Toss a coin (aka you decide):
- When attaching fabrics to accessories: sometimes glue will work just as well as sewing, and is also time sensitive, but that will come down to how you’re feeling.
- Rhinestones/beads to leather: Sewing or gluing both work, but for me it depends on the quality of the rhinestones/beads and the leather you are sewing it to – if the rhinestones are expensive crystal ones or the bag cost a mint (like this project) I often sew them on, as it’s less risky because glue can ruin both easily. But if both are I think cheap glue works fine.
- Fabric to leather: Embellishing boots other other leather products with can be quick with glue, but longer lasting with sewing. Take your pick.
- Leather to fabric: Adding leather embellishments to a shirt, dress of other garment?
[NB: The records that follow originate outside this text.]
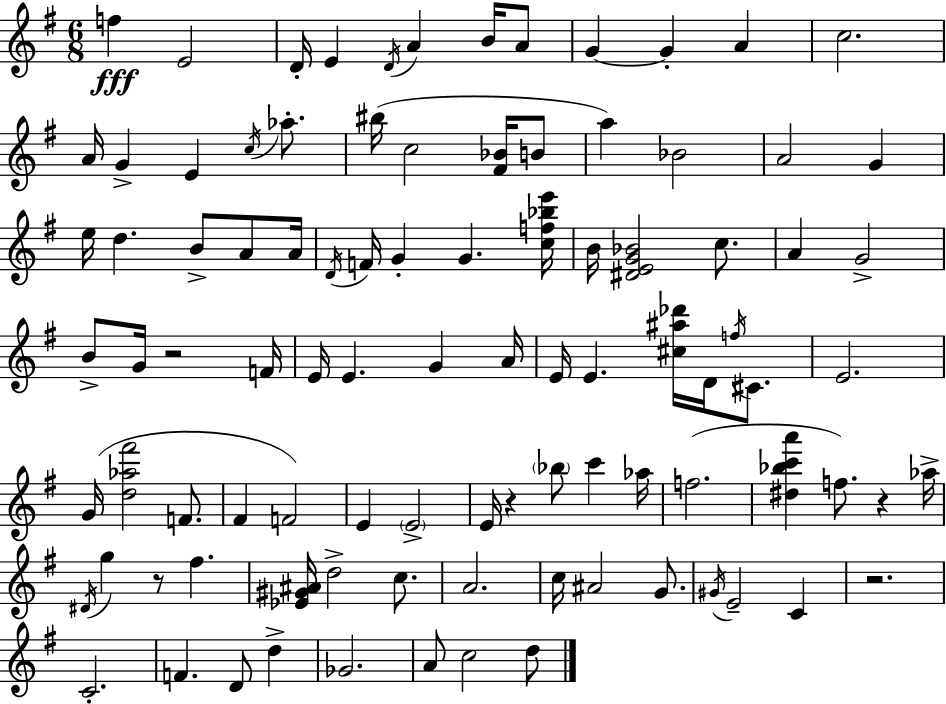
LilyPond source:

{
  \clef treble
  \numericTimeSignature
  \time 6/8
  \key g \major
  f''4\fff e'2 | d'16-. e'4 \acciaccatura { d'16 } a'4 b'16 a'8 | g'4~~ g'4-. a'4 | c''2. | \break a'16 g'4-> e'4 \acciaccatura { c''16 } aes''8.-. | bis''16( c''2 <fis' bes'>16 | b'8 a''4) bes'2 | a'2 g'4 | \break e''16 d''4. b'8-> a'8 | a'16 \acciaccatura { d'16 } f'16 g'4-. g'4. | <c'' f'' bes'' e'''>16 b'16 <dis' e' g' bes'>2 | c''8. a'4 g'2-> | \break b'8-> g'16 r2 | f'16 e'16 e'4. g'4 | a'16 e'16 e'4. <cis'' ais'' des'''>16 d'16 | \acciaccatura { f''16 } cis'8. e'2. | \break g'16( <d'' aes'' fis'''>2 | f'8. fis'4 f'2) | e'4 \parenthesize e'2-> | e'16 r4 \parenthesize bes''8 c'''4 | \break aes''16 f''2.( | <dis'' bes'' c''' a'''>4 f''8.) r4 | aes''16-> \acciaccatura { dis'16 } g''4 r8 fis''4. | <ees' gis' ais'>16 d''2-> | \break c''8. a'2. | c''16 ais'2 | g'8. \acciaccatura { gis'16 } e'2-- | c'4 r2. | \break c'2.-. | f'4. | d'8 d''4-> ges'2. | a'8 c''2 | \break d''8 \bar "|."
}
Once again glue and sewing both work but gluing is quick whilst sewing is long lasting. Toss a coin or choose depending on how much time you have.
Ok so that’s my take on the question of whether to sew or glue. Do you ever have projects you can’t decide on or have you ever made a mistake (we all have don’t worry!). I would love to hear your take on the sewing vs gluing debate – cos you know, it’s raging.